Oggi Giuseppe vive in un piccolo appartamento circondato dal verde a Pasadena, in California, e lavora per la ricerca e lo sviluppo di algoritmi complessi per analizzare dati di missioni spaziali. Inoltre, collabora a progetti finanziati dal dipartimento della difesa statunitense come Memex, programma per realizzare un nuovo sistema di intelligence in grado di contrastare il traffico di essere umani tramite l’analisi del deep e dark web. “La Nasa ha un fascino tutto suo”. Mentre è all’aeroporto di Los Angeles, in attesa di un volo di lavoro per Washington D.C., il 36enne racconta di come ogni centro federale della Nasa sia strutturato in maniera diversa. Il suo laboratorio, per esempio, è forse il più accademico, ispirato a un campus universitario, con molti spazi all’aperto e in mezzo al verde, dove puoi lavorare con i colleghi e bere un caffè. “Uno spirito di collaborazione stimolante, che permette di lavorare con scienziati che provengono da vari settori come astrofisici, matematici e ingegneri meccanici”.

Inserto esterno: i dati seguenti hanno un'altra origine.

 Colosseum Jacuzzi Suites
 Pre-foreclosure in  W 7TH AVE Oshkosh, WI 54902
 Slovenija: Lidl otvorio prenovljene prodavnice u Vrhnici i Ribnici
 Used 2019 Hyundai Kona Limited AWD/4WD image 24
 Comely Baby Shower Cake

E pensare che tutto è iniziato da un Commodore 64. “Ero in quinta elementare e quando ho ricevuto in regalo questo home computer mio padre racconta che il mio primo pensiero fu quello di studiare il manuale del linguaggio Basic per programmare le soluzioni degli esercizi di matematica”. Cosa ha permesso a quel bambino di Roccalumera, un piccolo paese siciliano bagnato dallo Ionio, di essere oggi uno dei ricercatori dell’agenzia spaziale più ambita al mondo? “Impegno e passione per la scienza. Mio padre è un funzionario pubblico e mia madre un’impiegata postale. Non mi hanno spinto verso l’informatica ma insieme a mia nonna e mia zia mi hanno sempre incoraggiato a dare il meglio nello studio con grande spirito di sacrificio”. Un incentivo, poi, derivava dalla dolce severità di sua madre, che non gli perdonava voti bassi a scuola. “Per questo sono sempre entusiasta per coloro che si impegnano e ottengono risultati importanti sia in Italia che all’estero, perché non credo che sia il posto a rendere un risultato speciale bensì l’impegno e la passione per ottenerlo”.

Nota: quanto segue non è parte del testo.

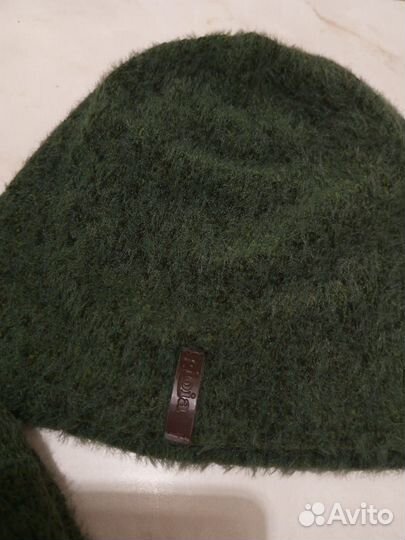 Головные уборы женские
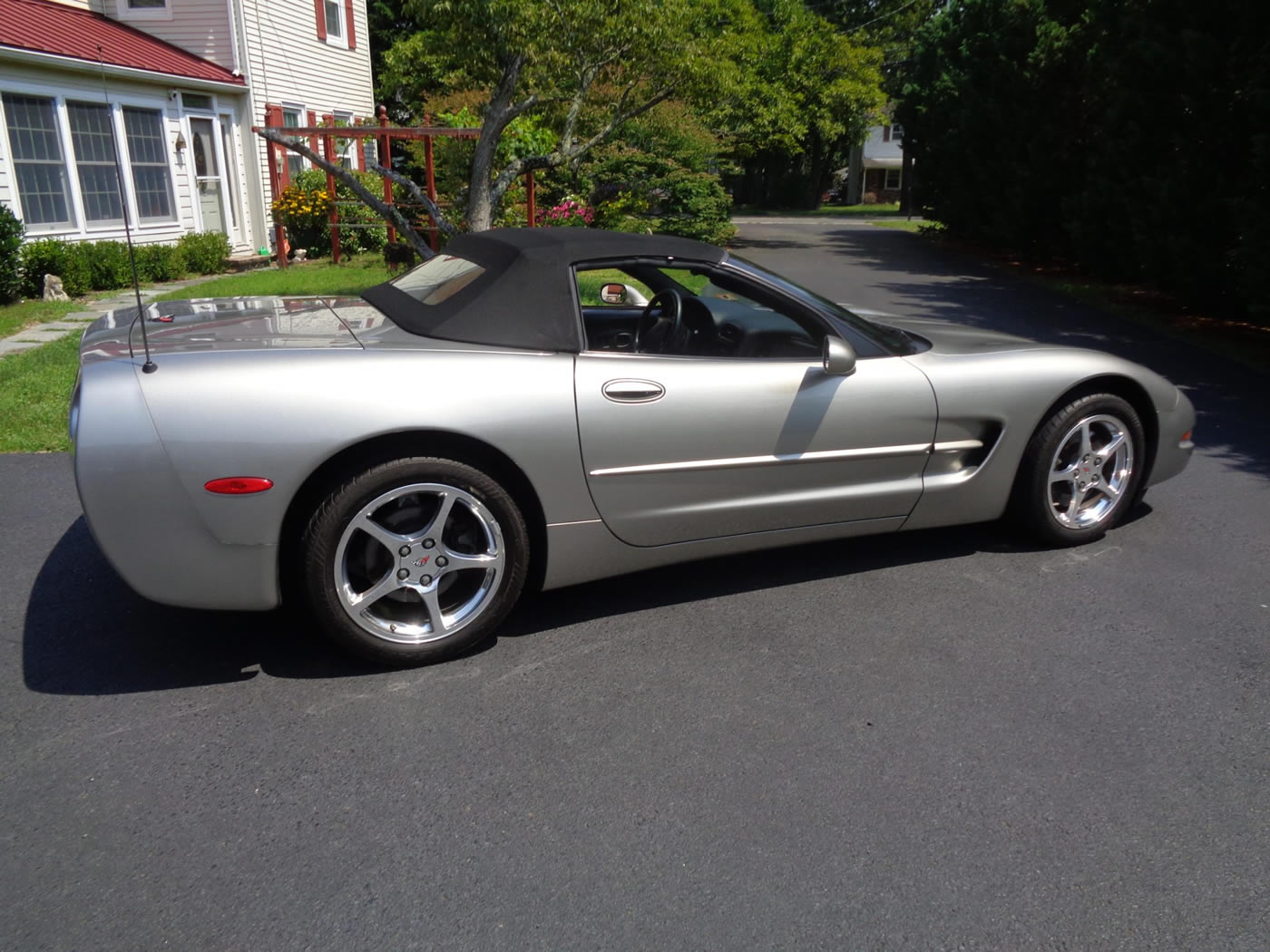 2000 Corvette Convertible in Light Pewter Metallic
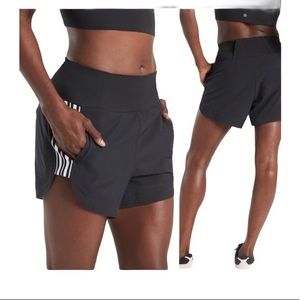 Athleta ascender shorts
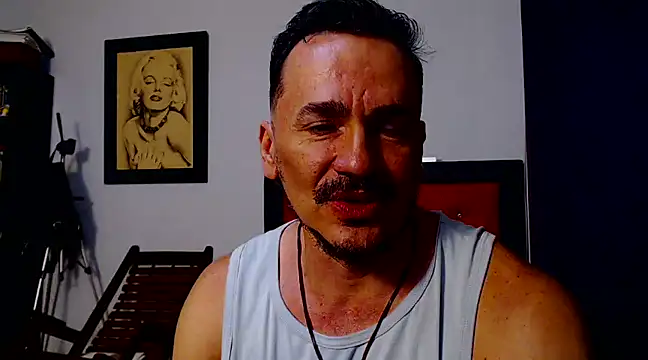 Snapshot of theroomboy chatting on 10, 12, 2024 theroomboy online show from 10, 12, 2024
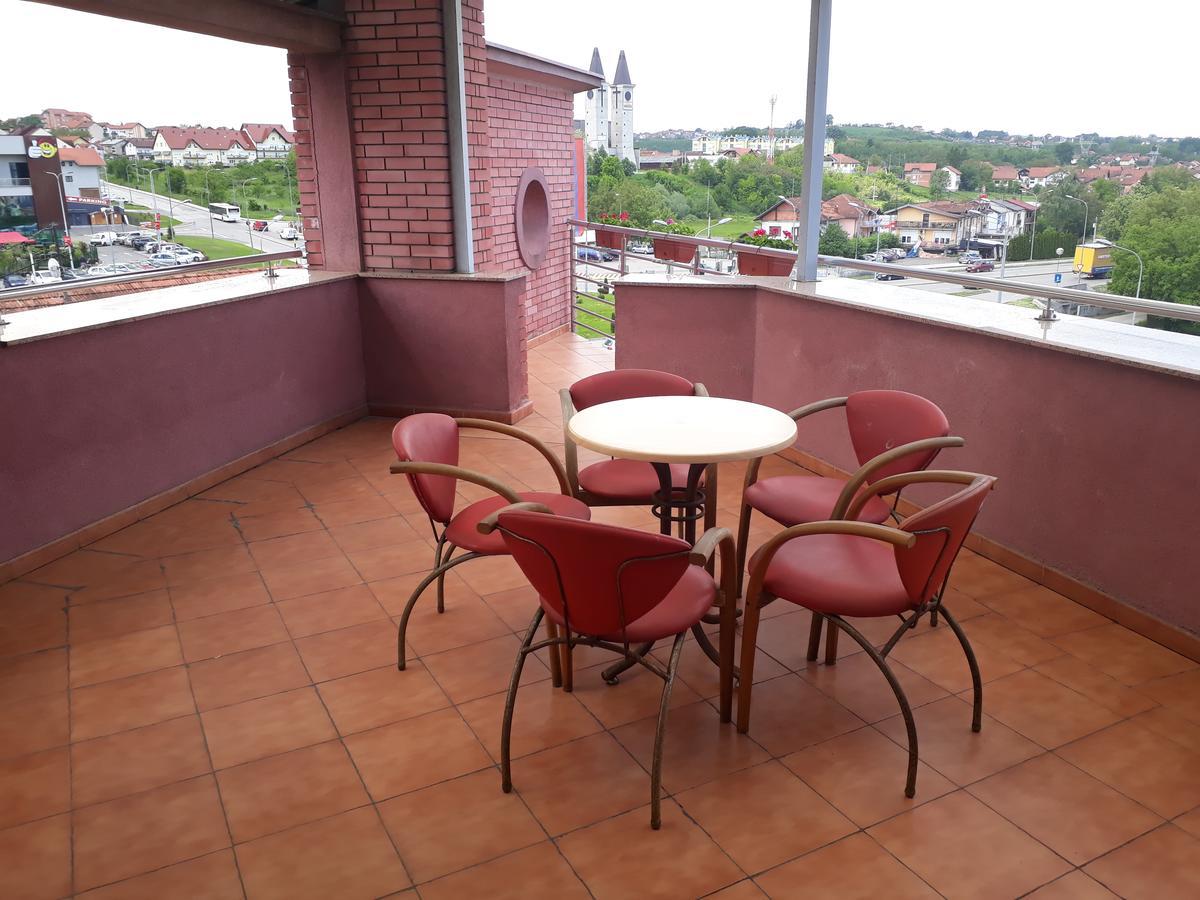 Hotel Cetojevic 巴尼西卢卡 外观 照片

Felice perché lavora con passione a nuove sfide spaziali, uniche al mondo, pensieroso invece quando pensa al prezzo da pagare. “Vorrei passare più tempo con la mia famiglia, la mia fidanzata, e la mia figlioccia Gaia. Vorrei respirare l’aria del mare della mia meravigliosa Sicilia. Sono venuto qui con grande entusiasmo, non per fuggire dal mio Paese e dall’Europa. Vivo questa esperienza al massimo ogni giorno ma il mio pensiero rimane sempre quello di servire il mio Paese in futuro”. E mentre sogna un abbraccio familiare e l’aria di mare, Giuseppe si prepara per continuare questo dialogo che ogni giorno la Nasa gli chiede di portare avanti con lo spazio. “Vuoi sapere qual è il più grande insegnamento che mi hanno trasmesso le stelle? Che siamo infinitamente piccoli, ma anche abbastanza grandi per poter dare un contributo determinante”.